I haven’t met an Executive yet who likes the idea of investing in building a data center move plan before a legitimate budget can be estimated. But those that do are rewarded with a realistic view of their costs and more importantly their risks.
That resulting cost model is an essential tool but still contains a flaw. The model will still not reflect what actually has to be spent to move successfully.
Why is that?
Because cost models assume your plan will be implemented perfectly. Everything will go according to plan and cost. All contingency and uncertainty will have been considered to arrive at a single number.
Do you live in this perfect world? Where everything goes perfectly and on or under budget?
I don’t. That’s one of the reasons I wrote “What Everybody Ought to Know Before Moving a Data Center” to illuminate the complexities to consider as you approach each move phase.

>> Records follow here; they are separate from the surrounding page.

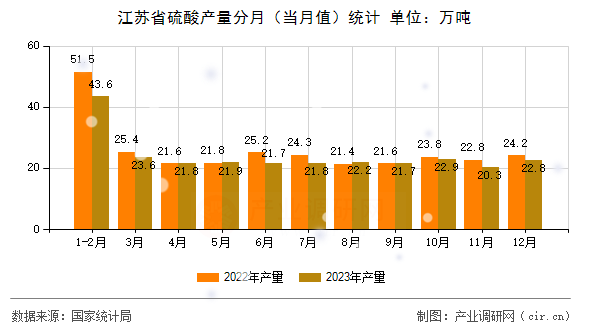 江蘇省硫酸產(chǎn)量分月(當(dāng)月值)統(tǒng)計 江蘇省硫酸產(chǎn)量分月(當(dāng)月值)統(tǒng)計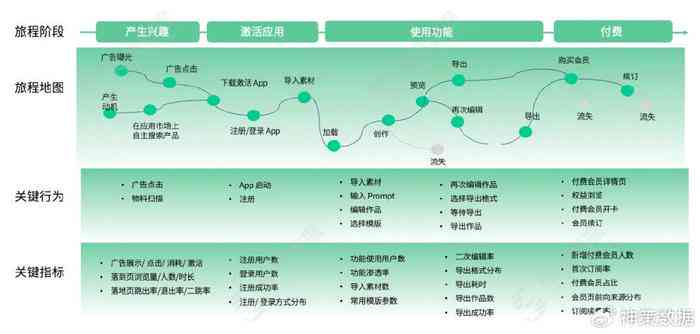 全面解析：AI生成技术应用的多种方法与实际场景解决方案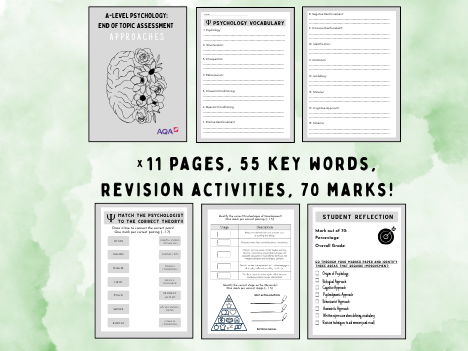 AQA A-Level Psychology - Approaches End of Unit Revision Assessment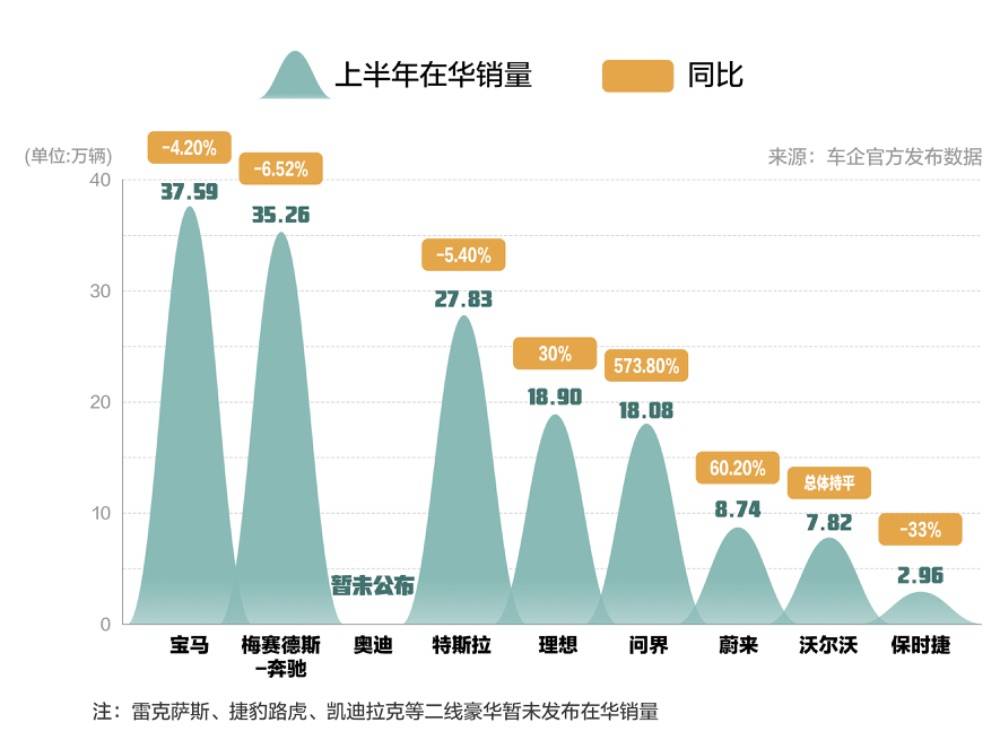  豪华车2024半年考：BBA价格大“跳水”，新势力闯入豪华车“腹地”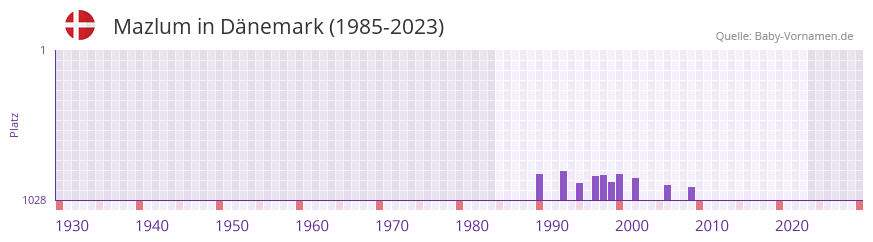 Mazlum in der Vornamen-Hitliste von Dnemark (1985-2023)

Consider solving for a successful move instead of guessing at a budget number.
- Understand what you are moving – Fundamentally, you’re not moving machines, you’re moving applications. These applications affect your business in different ways. They differ in their complexity and their tolerance for downtime. A simple physical inventory isn’t going to help you capture these details. Dive deeper.
- Assess your internal skills honestly – Do you have the necessary skills (both technical and project management) to plan and execute the move? Identify the skill gaps with the understanding that it will take lead time (and money) to fill them.
- Construct and use a written move plan – Would it surprise you to learn that many organizations simply do not document their move plan? The reasons are varied but often the technical staff are left to their own devices. The pressures of their full time jobs combined with the full time job of moving a data center leads to shortcuts and blunders. A written move plan is essential to holding down costs and mistakes.
So how much will the data center move cost?
Build your move plan first and then base your costs on the methods chosen to move your data center.